- **Exercise requirements**: Go through the records underneath and write each one out again exactly.
START Material for the task
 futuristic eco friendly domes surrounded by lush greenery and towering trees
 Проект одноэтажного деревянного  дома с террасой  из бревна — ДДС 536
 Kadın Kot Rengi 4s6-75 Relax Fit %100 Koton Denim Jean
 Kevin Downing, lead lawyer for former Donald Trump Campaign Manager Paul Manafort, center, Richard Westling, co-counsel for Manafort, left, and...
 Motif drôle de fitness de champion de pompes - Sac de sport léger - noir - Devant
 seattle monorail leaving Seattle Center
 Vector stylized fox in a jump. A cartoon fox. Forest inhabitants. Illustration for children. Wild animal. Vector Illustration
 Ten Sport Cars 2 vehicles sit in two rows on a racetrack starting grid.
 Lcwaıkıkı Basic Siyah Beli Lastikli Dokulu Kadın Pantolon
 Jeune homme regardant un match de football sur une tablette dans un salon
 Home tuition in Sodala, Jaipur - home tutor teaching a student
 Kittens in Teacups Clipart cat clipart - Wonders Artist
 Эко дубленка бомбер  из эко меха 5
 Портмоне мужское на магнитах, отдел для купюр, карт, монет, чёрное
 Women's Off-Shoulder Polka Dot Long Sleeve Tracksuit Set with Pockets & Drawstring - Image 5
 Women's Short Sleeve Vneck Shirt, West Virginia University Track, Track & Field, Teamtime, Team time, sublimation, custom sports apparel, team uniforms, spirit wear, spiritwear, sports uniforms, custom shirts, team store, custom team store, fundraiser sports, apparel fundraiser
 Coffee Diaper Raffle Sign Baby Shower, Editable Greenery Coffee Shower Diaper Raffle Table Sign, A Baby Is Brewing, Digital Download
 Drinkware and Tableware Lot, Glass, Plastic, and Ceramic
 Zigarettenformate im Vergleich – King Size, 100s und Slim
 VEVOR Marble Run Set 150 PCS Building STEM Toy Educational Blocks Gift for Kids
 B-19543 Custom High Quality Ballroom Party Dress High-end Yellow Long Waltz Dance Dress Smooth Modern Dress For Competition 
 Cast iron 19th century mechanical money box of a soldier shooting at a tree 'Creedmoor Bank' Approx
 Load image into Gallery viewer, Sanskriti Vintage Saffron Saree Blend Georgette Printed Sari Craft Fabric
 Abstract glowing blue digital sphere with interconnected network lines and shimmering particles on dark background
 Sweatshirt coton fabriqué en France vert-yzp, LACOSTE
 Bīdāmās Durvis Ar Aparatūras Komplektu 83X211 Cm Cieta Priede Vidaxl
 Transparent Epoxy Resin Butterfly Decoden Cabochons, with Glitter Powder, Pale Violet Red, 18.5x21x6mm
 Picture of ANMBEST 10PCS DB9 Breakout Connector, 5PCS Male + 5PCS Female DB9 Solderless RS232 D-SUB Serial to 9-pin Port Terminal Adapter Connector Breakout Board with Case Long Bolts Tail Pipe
END Material for the task
- **Reply to the task**:
 futuristic eco friendly domes surrounded by lush greenery and towering trees
 Проект одноэтажного деревянного  дома с террасой  из бревна — ДДС 536
 Kadın Kot Rengi 4s6-75 Relax Fit %100 Koton Denim Jean
 Kevin Downing, lead lawyer for former Donald Trump Campaign Manager Paul Manafort, center, Richard Westling, co-counsel for Manafort, left, and...
 Motif drôle de fitness de champion de pompes - Sac de sport léger - noir - Devant
 seattle monorail leaving Seattle Center
 Vector stylized fox in a jump. A cartoon fox. Forest inhabitants. Illustration for children. Wild animal. Vector Illustration
 Ten Sport Cars 2 vehicles sit in two rows on a racetrack starting grid.
 Lcwaıkıkı Basic Siyah Beli Lastikli Dokulu Kadın Pantolon
 Jeune homme regardant un match de football sur une tablette dans un salon
 Home tuition in Sodala, Jaipur - home tutor teaching a student
 Kittens in Teacups Clipart cat clipart - Wonders Artist
 Эко дубленка бомбер  из эко меха 5
 Портмоне мужское на магнитах, отдел для купюр, карт, монет, чёрное
 Women's Off-Shoulder Polka Dot Long Sleeve Tracksuit Set with Pockets & Drawstring - Image 5
 Women's Short Sleeve Vneck Shirt, West Virginia University Track, Track & Field, Teamtime, Team time, sublimation, custom sports apparel, team uniforms, spirit wear, spiritwear, sports uniforms, custom shirts, team store, custom team store, fundraiser sports, apparel fundraiser
 Coffee Diaper Raffle Sign Baby Shower, Editable Greenery Coffee Shower Diaper Raffle Table Sign, A Baby Is Brewing, Digital Download
 Drinkware and Tableware Lot, Glass, Plastic, and Ceramic
 Zigarettenformate im Vergleich – King Size, 100s und Slim
 VEVOR Marble Run Set 150 PCS Building STEM Toy Educational Blocks Gift for Kids
 B-19543 Custom High Quality Ballroom Party Dress High-end Yellow Long Waltz Dance Dress Smooth Modern Dress For Competition 
 Cast iron 19th century mechanical money box of a soldier shooting at a tree 'Creedmoor Bank' Approx
 Load image into Gallery viewer, Sanskriti Vintage Saffron Saree Blend Georgette Printed Sari Craft Fabric
 Abstract glowing blue digital sphere with interconnected network lines and shimmering particles on dark background
 Sweatshirt coton fabriqué en France vert-yzp, LACOSTE
 Bīdāmās Durvis Ar Aparatūras Komplektu 83X211 Cm Cieta Priede Vidaxl
 Transparent Epoxy Resin Butterfly Decoden Cabochons, with Glitter Powder, Pale Violet Red, 18.5x21x6mm
 Picture of ANMBEST 10PCS DB9 Breakout Connector, 5PCS Male + 5PCS Female DB9 Solderless RS232 D-SUB Serial to 9-pin Port Terminal Adapter Connector Breakout Board with Case Long Bolts Tail Pipe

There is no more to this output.